Representation of structured values
Non-immediate Objective CAML values are said to be structured values.
Those values are allocated in the Objective CAML heap and represented as a
pointer to the corresponding memory block. All memory blocks contain
a header word indicating the kind of the block as well as its size
expressed in machine words. Figure 12.5 shows the
structure of a block for a 32-bit machine.
Figure 12.5: Structure of an Objective CAML heap block.

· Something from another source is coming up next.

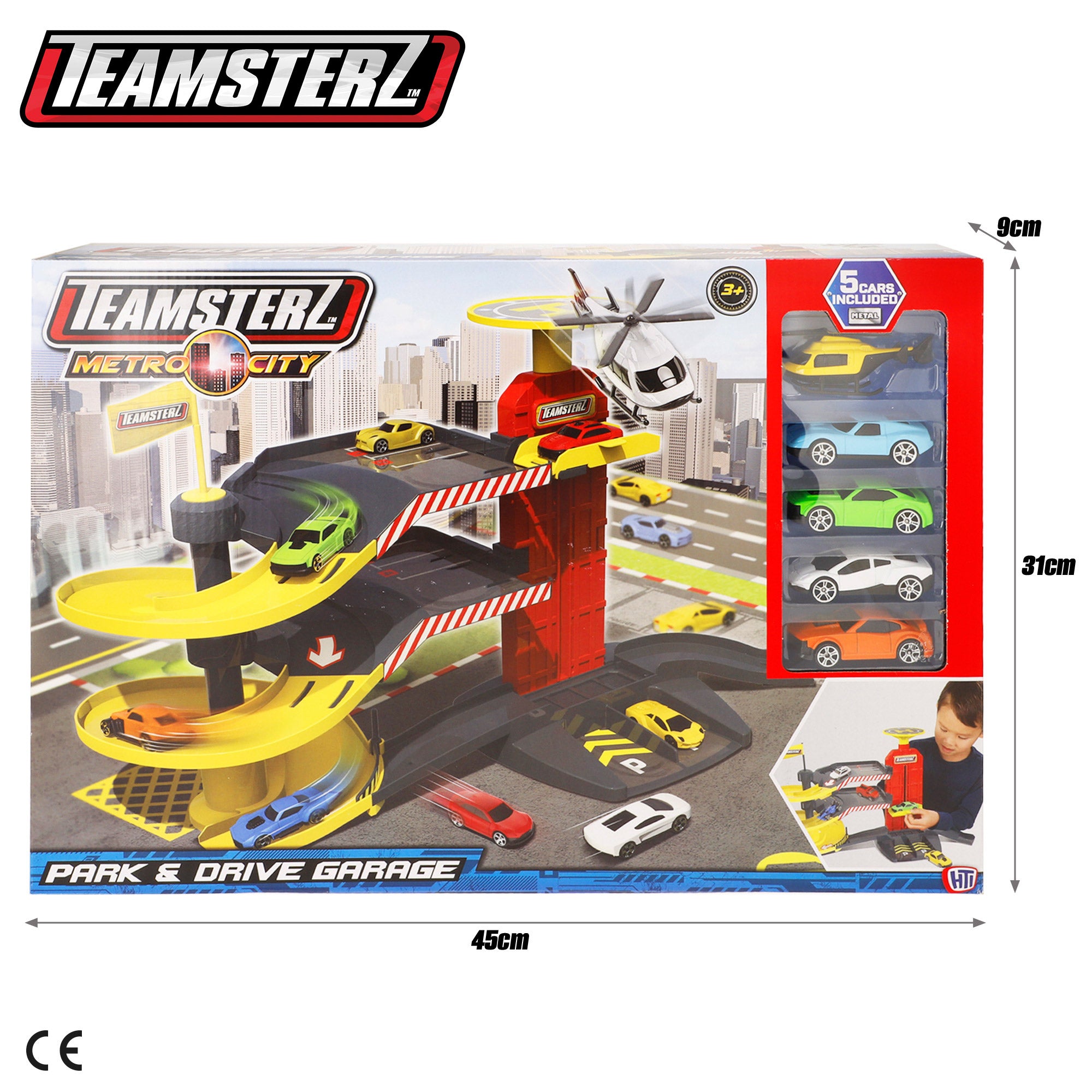Estacionamento de 3 andares com helicóptero e carros de metal da Teamsterz.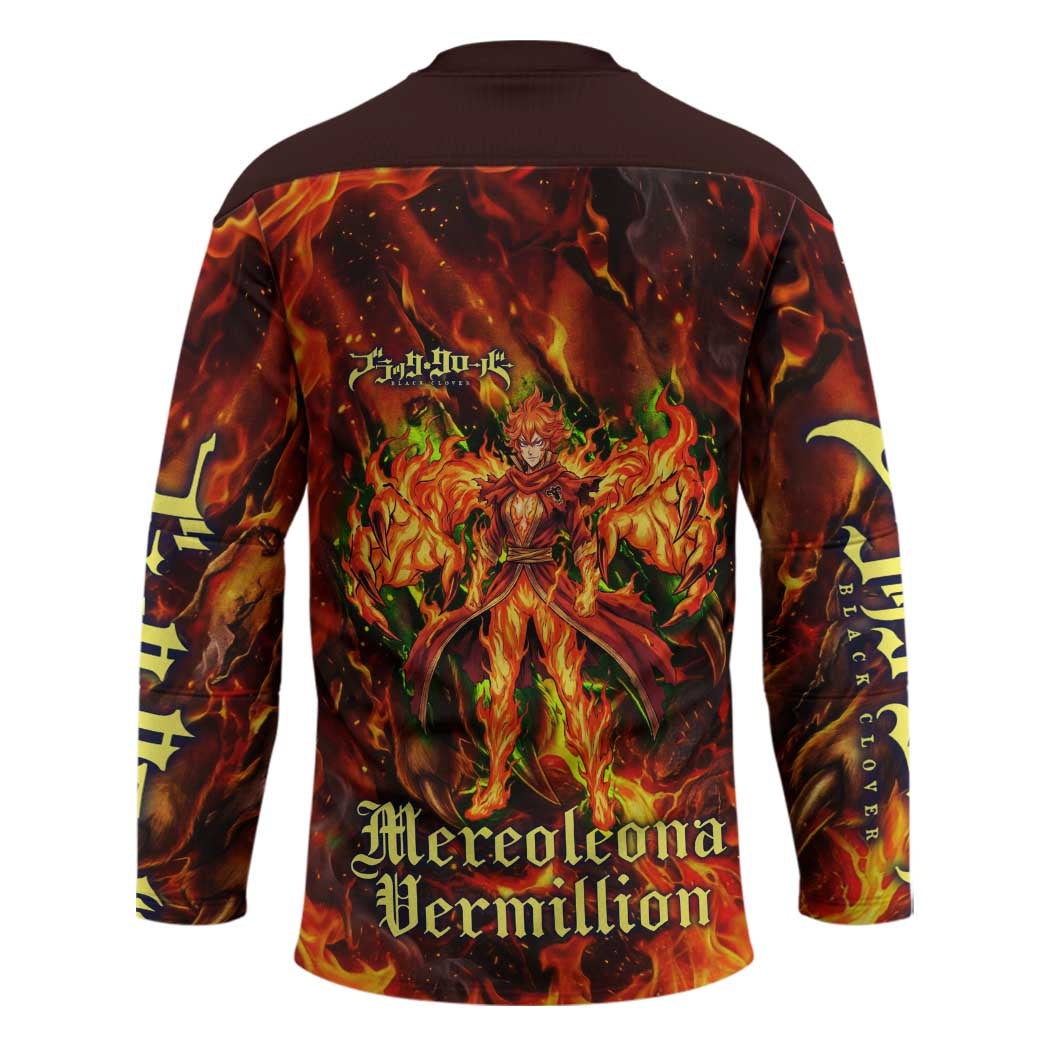 Mereoleona Vermillion Black Clover Hockey Jersey Inferno Flame Anime Style with Lion Symbolism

The two ``color'' bits are used by the garbage collector for walking
the memory graph (see chapter 9,
page ??). The ``tag'' field, or ``tag'' for short,
contains the kind of the block. The ``size'' field contains the size
of the block, in words, excluding the header.
The macros listed in figure 12.6 return the tag and size
of a block.
|
|
Wosize_val(v) |
return the size of the block v (header excluded) |
Tag_val(v) |
return the tag of the block v |
Figure 12.6: Accessing header information in memory blocks.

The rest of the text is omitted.